From nobody@FreeBSD.ORG Tue Nov 30 17:34:54 1999
Return-Path: <nobody@FreeBSD.ORG>
Received: by hub.freebsd.org (Postfix, from userid 32767)
	id 77E4615AA7; Tue, 30 Nov 1999 17:34:46 -0800 (PST)
Message-Id: <19991201013446.77E4615AA7@hub.freebsd.org>
Date: Tue, 30 Nov 1999 17:34:46 -0800 (PST)
From: hostetlb@agcs.com
Sender: nobody@FreeBSD.ORG
To: freebsd-gnats-submit@freebsd.org
Subject: Kernel hangs during concurrent NFS writes
X-Send-Pr-Version: www-1.0

>Number:         15195
>Category:       kern
>Synopsis:       Kernel hangs during concurrent NFS writes
>Confidential:   no
>Severity:       critical
>Priority:       high
>Responsible:    dillon
>State:          closed
>Quarter:        
>Keywords:       
>Date-Required:  
>Class:          sw-bug
>Submitter-Id:   current-users
>Arrival-Date:   Tue Nov 30 17:40:00 PST 1999
>Closed-Date:    Tue Dec 14 11:13:34 PST 1999
>Last-Modified:  Tue Dec 14 11:14:01 PST 1999
>Originator:     Bly Hostetler
>Release:        2.2.8 through 3.3
>Organization:
AG Communication Systems
>Environment:
FreeBSD calvin-t1.labs.agcs.com 2.2.8-RELEASE FreeBSD 2.2.8-RELEASE #0: Tue Nov
30 09:51:56 GMT 1999     root@calvin-t1.labs.agcs.com:/usr/src/sys/compile/AGCS
 i386
>Description:
We have multiple processes that have opened the same file with mode "a+"
(append, read-access).  The file is located on an NFS mounted partition
(easiest to reproduce using UDP, NFSv3; but we have seen it using UDP
or TCP/IP, and NFSv3 or NFSv2).  When the processes start writing to that
file at the same time, the OS get locked in the kernel; no login prompts,
no shell prompts, no i/o, nothing.

Trapping to DDB (ctrl-alt-esc) shows that the kernel is inside _nfs_write;
we have trapped it at several locations, but always within _nfs_write.
Following is an example "trace" from DDB :

_biodone(f418d200,f418d200,f22bf000,f22dc600,3) at _boidone 0x2e6
_nfs_doio(f418d200,f22df000,f22dc600,1,f418d200) at _nfs_doio 0x4c5
_nfs_strategy(efbffddc) at _nfs_strategy 0x68
_nfs_writebp(f418d200,1,efbffec4,f0163000,efbffe50) at _nfs_writebp 0x125
_nfs_bwrite(efbff50) at _nfs_bwrite 0x10
_nfs_write(efbffee08,f02564e0,1,efbff94,2) at _nfs_write 0x648
_vn_write(f25d6f80,efbfff34,f22bf000,f02564e0,f22c600) at _vn_write 0x93
_write(f220c600,efbff94,efbff84,0,5167) at _write 0x97
_syscall

We mounted the directory using :

/sbin/mount_nfs -U -c plato-t1:/u/FreeBSD/decm /usr/home/decm

We are running on a P-II 450, 512 Meg RAM, 1024 Swap, 100 Mbit ethernet.

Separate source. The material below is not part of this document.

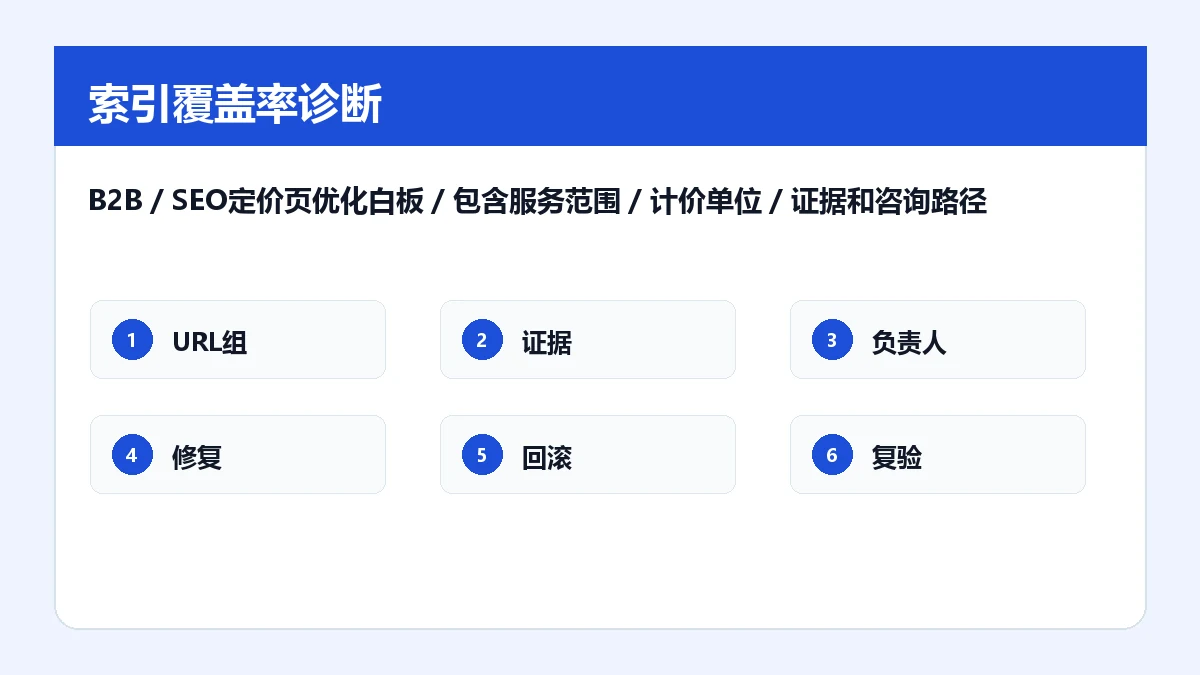 B2B SEO定价页优化白板,包含服务范围、计价单位、证据和咨询路径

Although we initially detected the problem in FreeBSD 2.2.8, we
subsequently loaded FreeBSD 3.3, and had the same results.

The sample code below was created to simulate third-party software that
was actually the original cause of the lock-ups.  We understand that this
form of concurrent writes to a file is asking for trouble, but we did
not have control over the problem code.  The sample code below worked
when tried on SCO Unix using the same NFS mounted directory (and file).

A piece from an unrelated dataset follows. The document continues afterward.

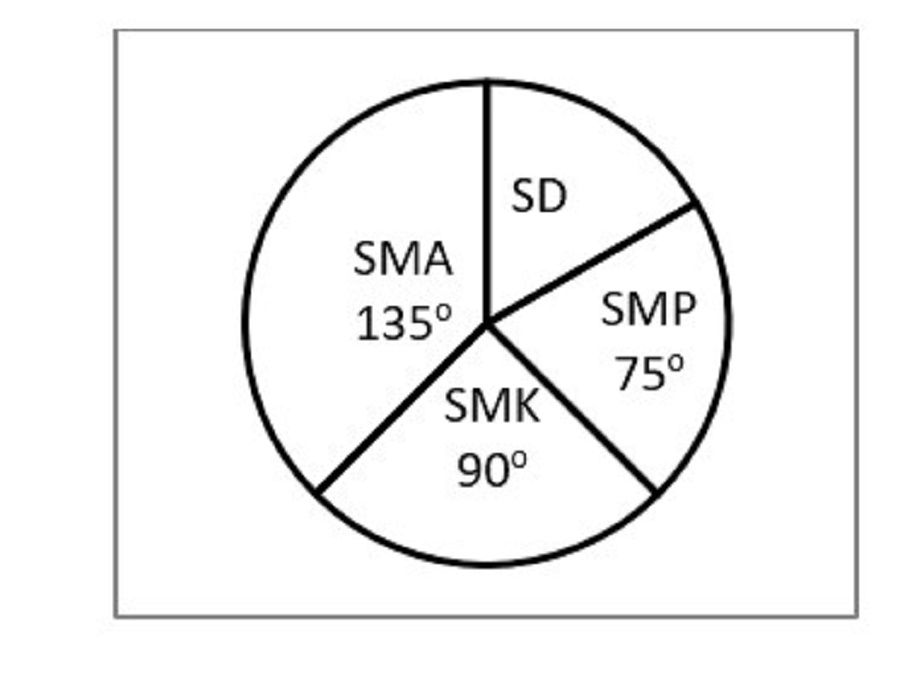 Soal Uji Kompetensi Matematika SMP MTs: Statistika, Latihan Soal disertai kunci jawaban Paket 2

We have identified a fix to the C source code, and passed this on to
our vender, but we also believe this problem should be corrected in the
OS's NFS layer.
>How-To-Repeat:
The following program can be used to create the problem.  By default it
spawns 10 writes, but can spawn any number.  We have only used 10 and 50,
and the problem occurs immediately (within 5-10 writes to the file.)

*** BEGIN C CODE ***

#include <stdio.h>

main(int argc,
     char **argv)
{
    int forks = 10;
    int writer_number = 1;
    FILE *fp1;
    int i = 0;

    if (argc > 1) {
        forks = atoi(argv[1]);
    }
    fprintf(stderr, "Spawning %d writers\n", forks);

    while (--forks > 0) {
        if (!fork()) {
            /* Child */
            break;
        }
        writer_number++;
    }

    fprintf(stderr, "Writer number %d\n", writer_number);

    while (1) {
        while (!(fp1 = fopen("F1", "a+")));

        fprintf(fp1, "%d %d\n", writer_number, i);
        fflush(fp1);
        fclose(fp1);

        i++;
    }
}

*** END OF C CODE ***

The problem lies in the fact that each process is opening the file for
append, but is not locking the file for exclusive access.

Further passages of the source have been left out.